DESCRIPTION OF THE TASK —
Within the records below, find the line containing "Glas für die". Reproduce it and each line after it exactly, and nothing else.

[Stored dataset items]
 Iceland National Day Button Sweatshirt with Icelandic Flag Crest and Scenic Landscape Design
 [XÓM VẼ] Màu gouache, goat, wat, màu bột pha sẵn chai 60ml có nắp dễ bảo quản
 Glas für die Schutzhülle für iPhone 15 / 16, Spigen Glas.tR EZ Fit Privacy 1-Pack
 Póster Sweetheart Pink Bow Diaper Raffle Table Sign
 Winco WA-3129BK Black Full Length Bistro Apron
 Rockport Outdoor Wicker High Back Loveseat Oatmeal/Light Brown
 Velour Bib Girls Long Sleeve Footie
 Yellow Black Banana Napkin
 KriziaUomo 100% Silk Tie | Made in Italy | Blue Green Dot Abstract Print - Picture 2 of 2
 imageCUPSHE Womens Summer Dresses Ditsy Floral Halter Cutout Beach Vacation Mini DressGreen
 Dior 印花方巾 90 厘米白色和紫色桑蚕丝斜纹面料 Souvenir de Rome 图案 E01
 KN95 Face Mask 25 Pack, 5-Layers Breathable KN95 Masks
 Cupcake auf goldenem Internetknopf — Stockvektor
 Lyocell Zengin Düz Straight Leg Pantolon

OUTPUT —
 Glas für die Schutzhülle für iPhone 15 / 16, Spigen Glas.tR EZ Fit Privacy 1-Pack
 Póster Sweetheart Pink Bow Diaper Raffle Table Sign
 Winco WA-3129BK Black Full Length Bistro Apron
 Rockport Outdoor Wicker High Back Loveseat Oatmeal/Light Brown
 Velour Bib Girls Long Sleeve Footie
 Yellow Black Banana Napkin
 KriziaUomo 100% Silk Tie | Made in Italy | Blue Green Dot Abstract Print - Picture 2 of 2
 imageCUPSHE Womens Summer Dresses Ditsy Floral Halter Cutout Beach Vacation Mini DressGreen
 Dior 印花方巾 90 厘米白色和紫色桑蚕丝斜纹面料 Souvenir de Rome 图案 E01
 KN95 Face Mask 25 Pack, 5-Layers Breathable KN95 Masks
 Cupcake auf goldenem Internetknopf — Stockvektor
 Lyocell Zengin Düz Straight Leg Pantolon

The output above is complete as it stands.